# WINDOWS 8 SLOW BOOT!



## ComputerTutor (Aug 11, 2011)

Windows 8 is literally taking 2 minutes to Boot!

Does anyone know why? And how I can fix the problem?

I am also having an issue with not being able to change the screen resolution. Tried updating drivers. Resolution is set to 1024 x 768. There are no other choices.

Computer information is as follows:

Windows 8 Professional with Media Center (build 9200)
Hewlett-Packard Presario V2000 (ET931UA#ABA) Rev 1
1.80 gigahertz AMD Mobile Sempron
 1920 Megabytes Usable Installed Memory
BIOS: Hewlett-Packard F.52 01/20/2007

Thanks a million for any help!


----------



## T_Rex (Oct 21, 2012)

Did you try installing the graphics driver for your specific model manually? Sounds like it's looped into default graphical settings, which will sometimes slow down the overall booting process. here is a page that may help you .

Overview of Troubleshooting Startup Problems (Windows 7, Vista, XP) | HP® Support


----------



## Masterchiefxx17 (Feb 27, 2010)

First off your RAM is only 2GB which is low for Windows 8. You should upgrade to atleast 4GB (Corsair or G.Skill should be the make).


----------



## ComputerTutor (Aug 11, 2011)

Thank you so very much for your response.
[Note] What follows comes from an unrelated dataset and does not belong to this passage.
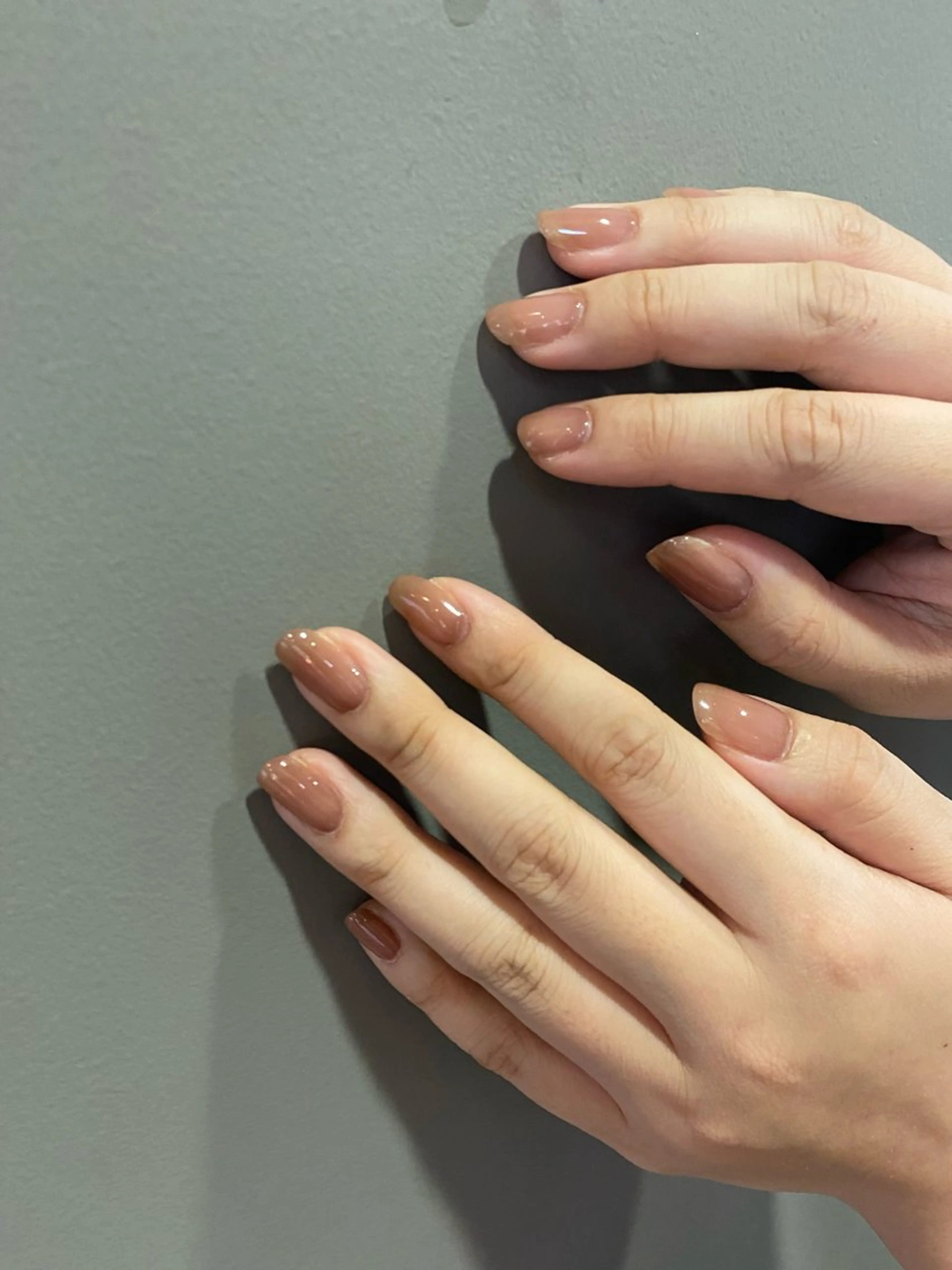 ネイル ブラウン ワンカラーネイル la vela(ラヴェラ)所属・廣澤 彩名のネイルデザイン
I'm not sure if this particular machine can be upgraded any more than it already has been, but I will find out.


----------



## ComputerTutor (Aug 11, 2011)

Thank you very much for your response. I tried updating my graphics driver, but it seems to have the most updated driver at this moment. I will check out the article you posted.


----------